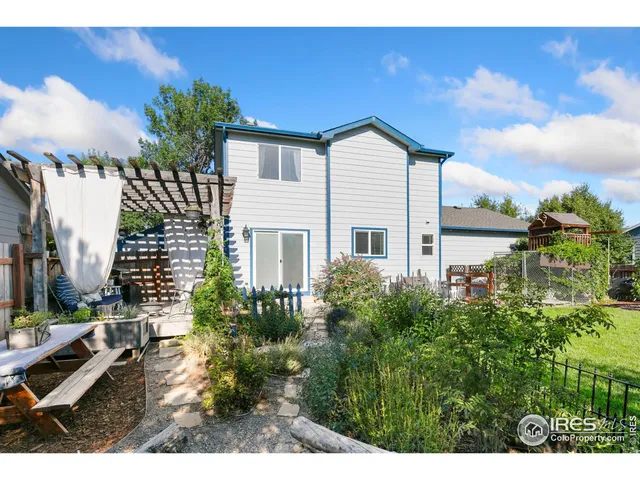 a view of house with yard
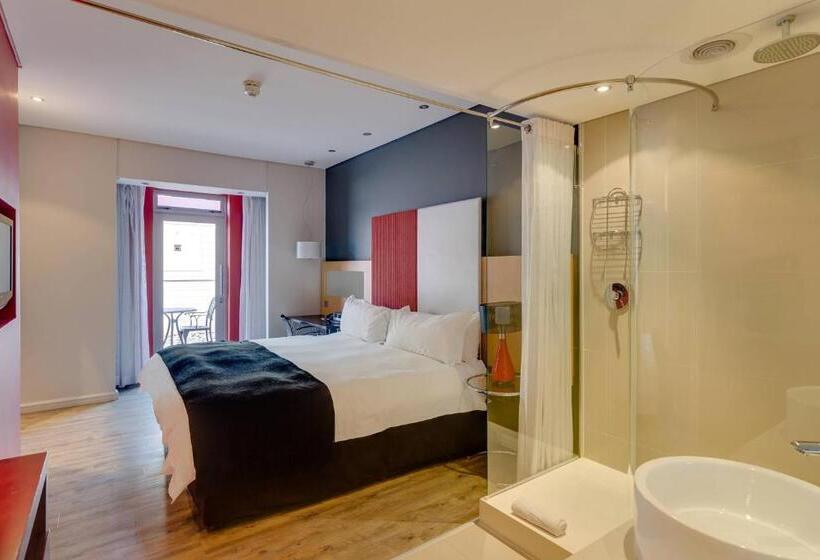 חדר סטנדרט עם מרפסת, Protea Hotel Fire & Ice By Marriott Cape Town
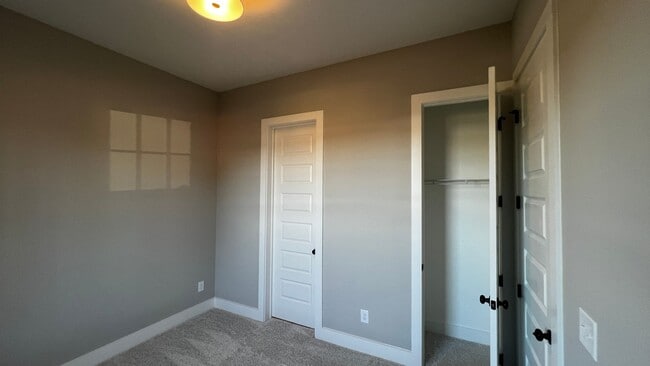 Building Photo - Spain Park Schools 3 Bedroom / 3 Bath Townhouse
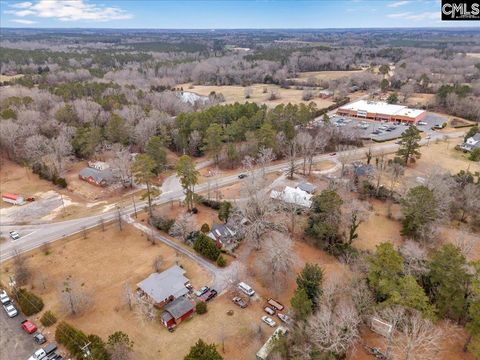 A home in Saluda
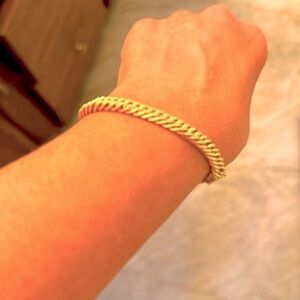 Thick Gold Chain Bracelet!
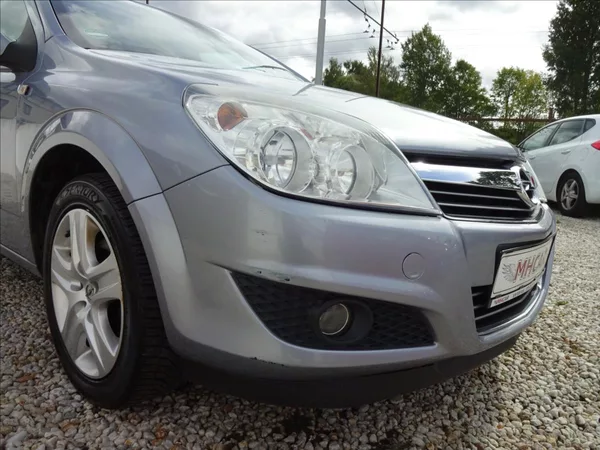 Opel Astra 1,6i 85kW - foto 11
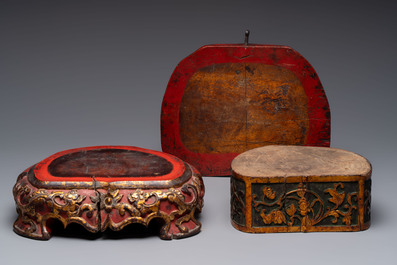 A set of three Chinese or Vietnamese gilt-lacquered wooden sculptures of Buddha, 18/19th C.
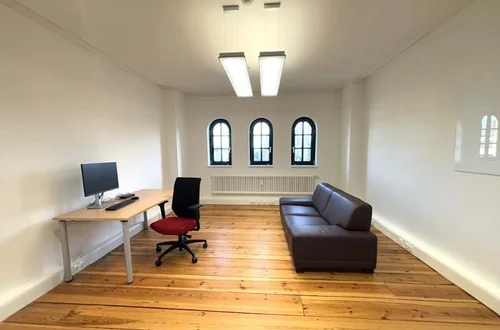 Erik-Blumenfeld-Platz 29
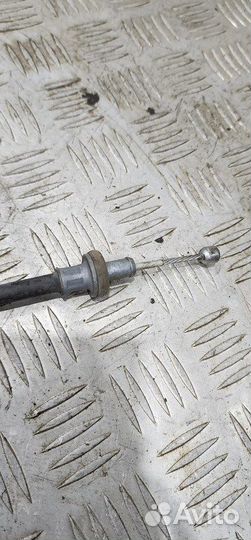 Трос стояночного тормоза правый Nissan Juke F15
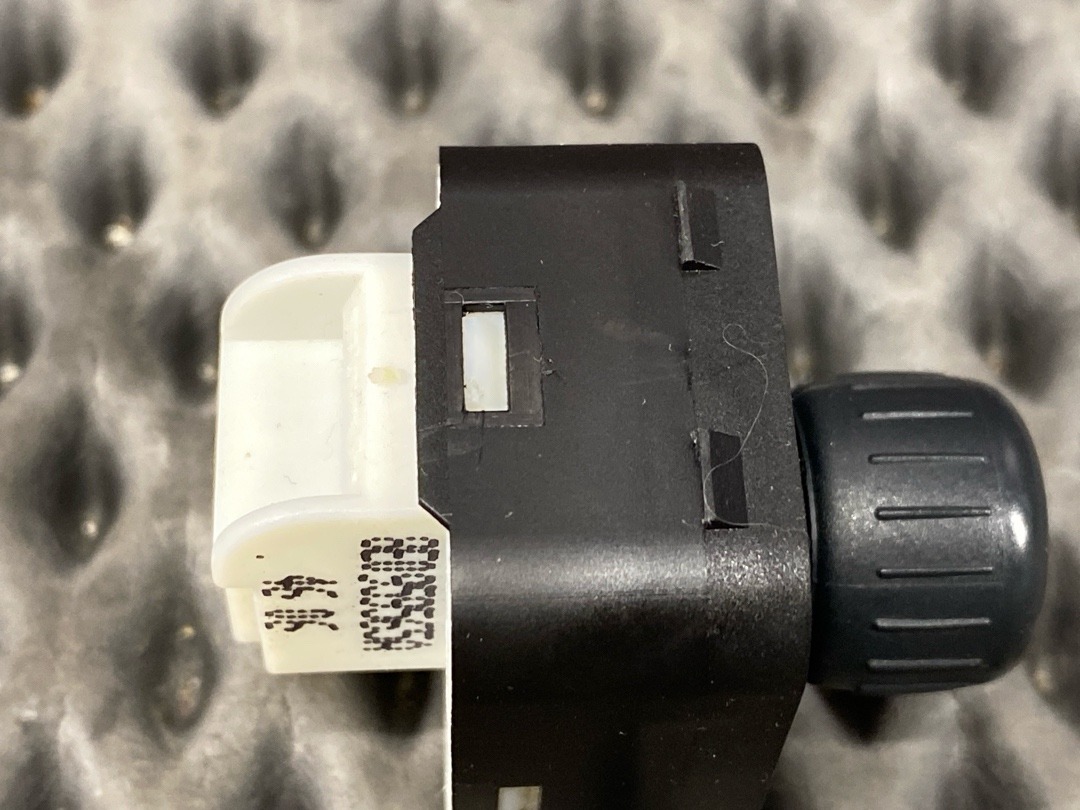 Кнопка регулировки зеркал, 1340 рублей, Красноярск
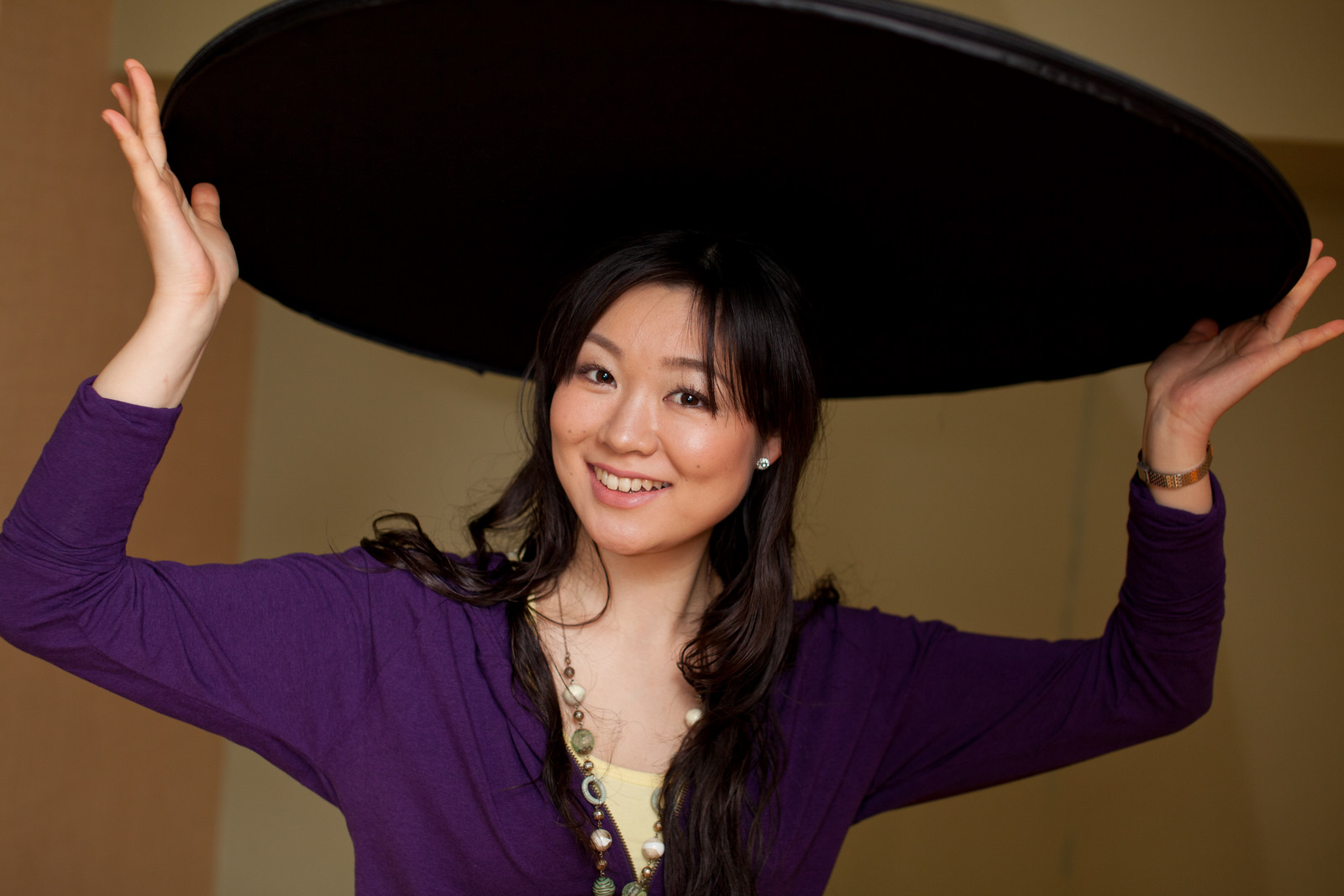 Michael Connolly - Kozue - lighting stand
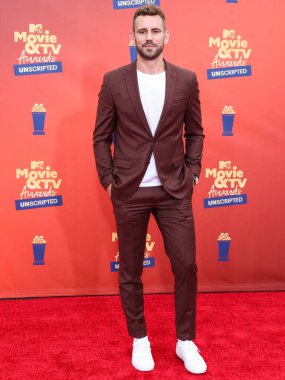 5 Haziran 'da yayınlanan bu resimde, Amerikalı aktör Nick Viall 2022 MTV Film ve TV Ödülleri' ne ulaşır: Santa Monica, Los Angeles, Kaliforniya, ABD 'deki Barker Hangar' da UNSCRIPTED. 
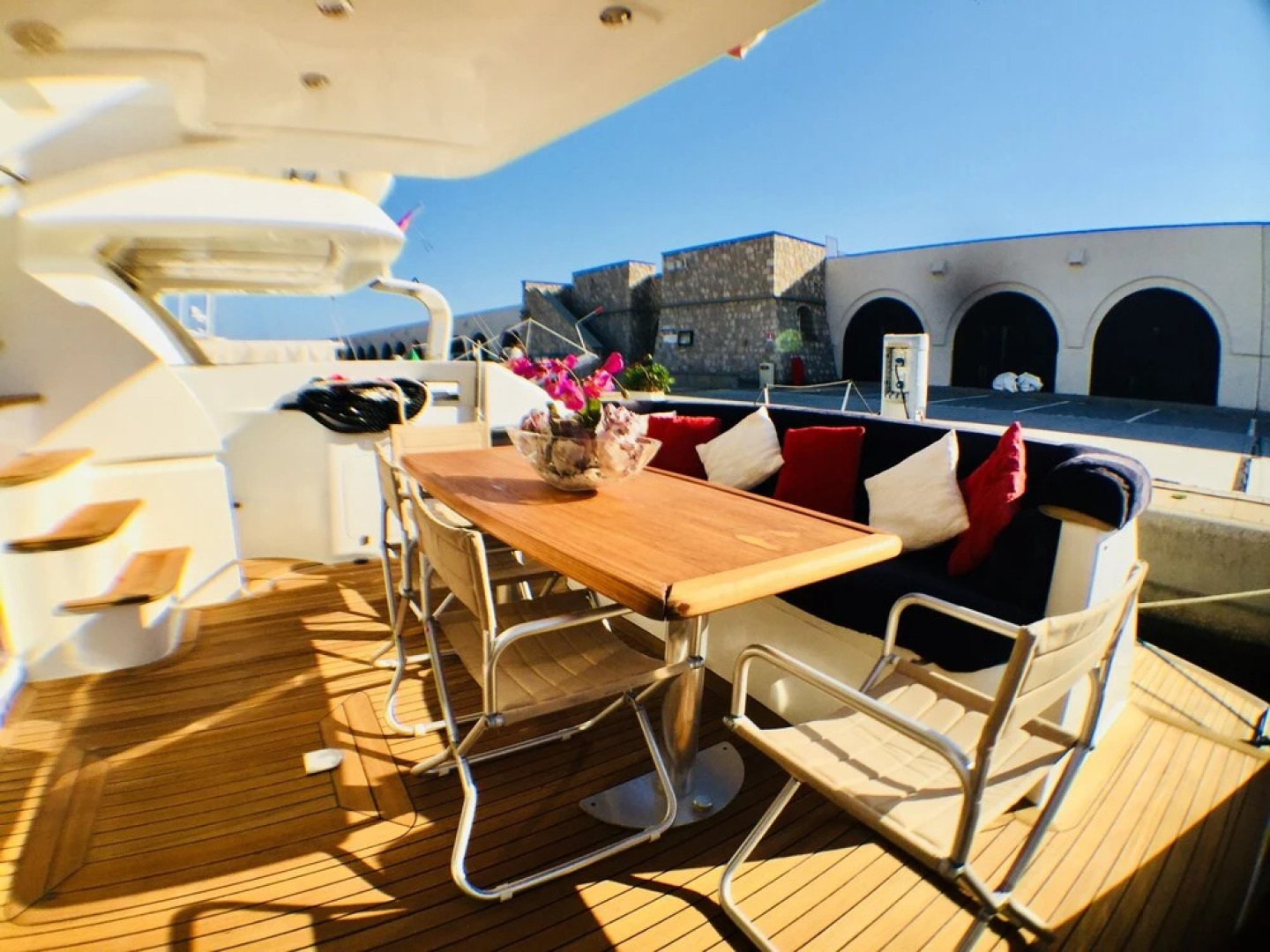 Easyacht Boat & Breakfast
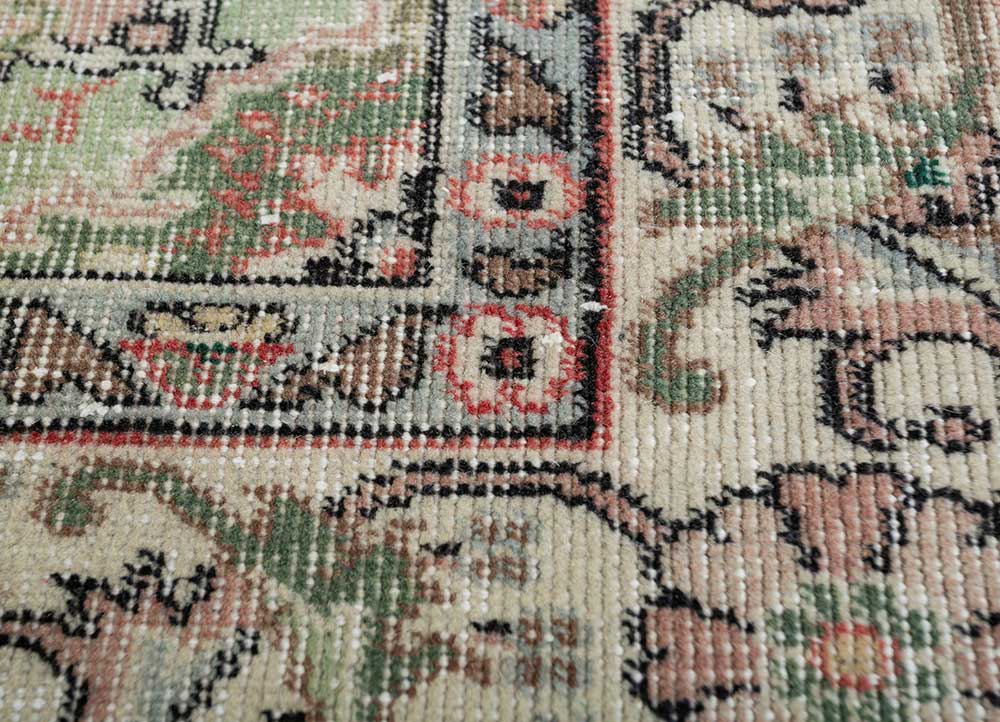 vintage green wool Hand Knotted Rug - CloseUp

**Aim of the task**
Print exactly the lines above that run from the one with "חדר סטנדרט עם" to the one with "Michael Connolly - Kozue - lighting stand", both included. No pictures.

**Response to this exercise**
 חדר סטנדרט עם מרפסת, Protea Hotel Fire & Ice By Marriott Cape Town
 Building Photo - Spain Park Schools 3 Bedroom / 3 Bath Townhouse
 A home in Saluda
 Thick Gold Chain Bracelet!
 Opel Astra 1,6i 85kW - foto 11
 A set of three Chinese or Vietnamese gilt-lacquered wooden sculptures of Buddha, 18/19th C.
 Erik-Blumenfeld-Platz 29
 Трос стояночного тормоза правый Nissan Juke F15
 Кнопка регулировки зеркал, 1340 рублей, Красноярск
 Michael Connolly - Kozue - lighting stand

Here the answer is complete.